> Records for the task:

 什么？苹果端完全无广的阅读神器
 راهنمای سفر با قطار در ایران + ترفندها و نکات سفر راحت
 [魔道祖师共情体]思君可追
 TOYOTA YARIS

--

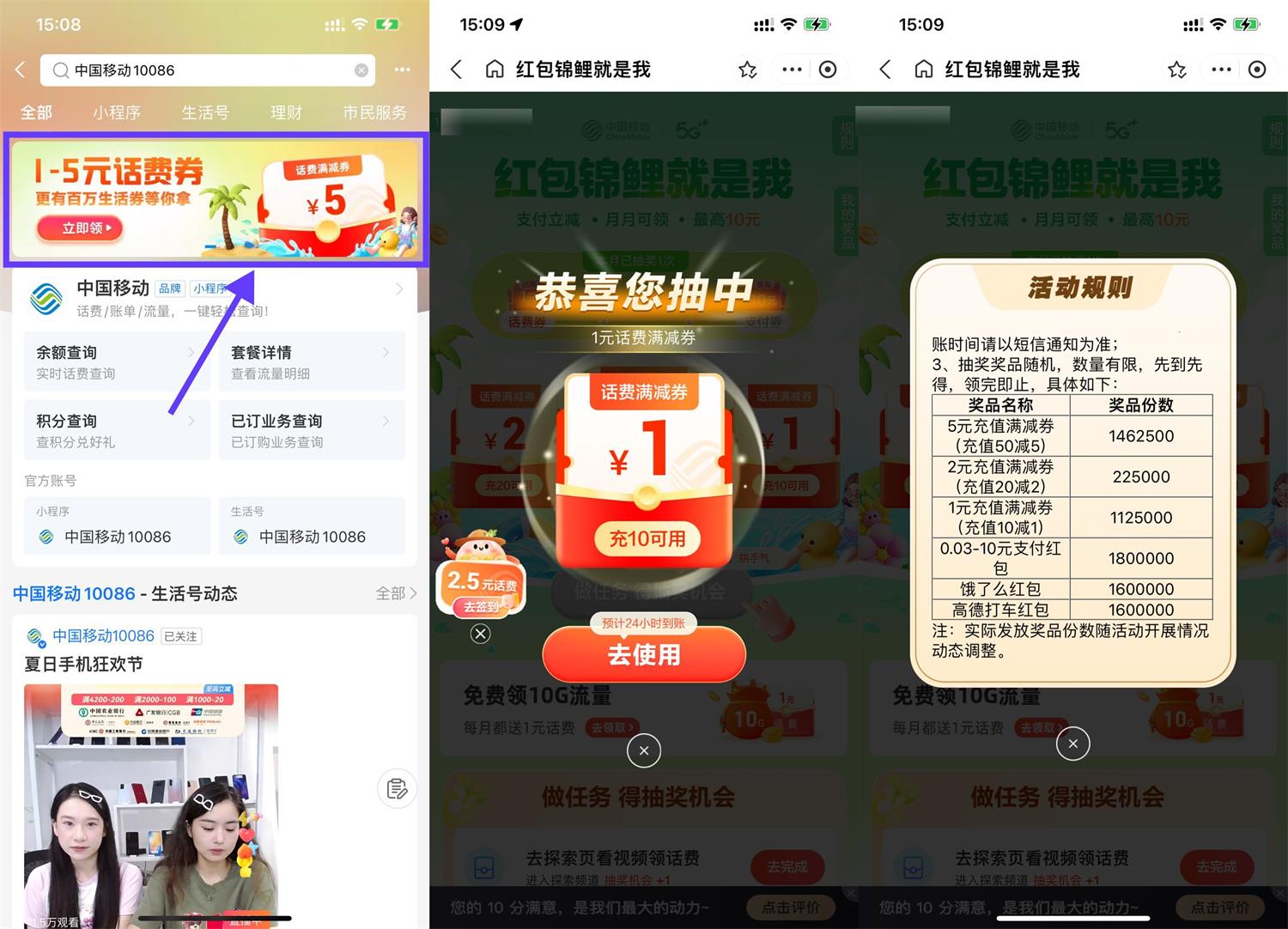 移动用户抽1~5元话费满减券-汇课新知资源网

> About this exercise: In the listing above, find the line with "什么？苹果端完全无广的阅读神器" and the line with "TOYOTA YARIS". Output those two lines and every line between them, exactly as written.

> Completed task:
 什么？苹果端完全无广的阅读神器
 راهنمای سفر با قطار در ایران + ترفندها و نکات سفر راحت
 [魔道祖师共情体]思君可追
 TOYOTA YARIS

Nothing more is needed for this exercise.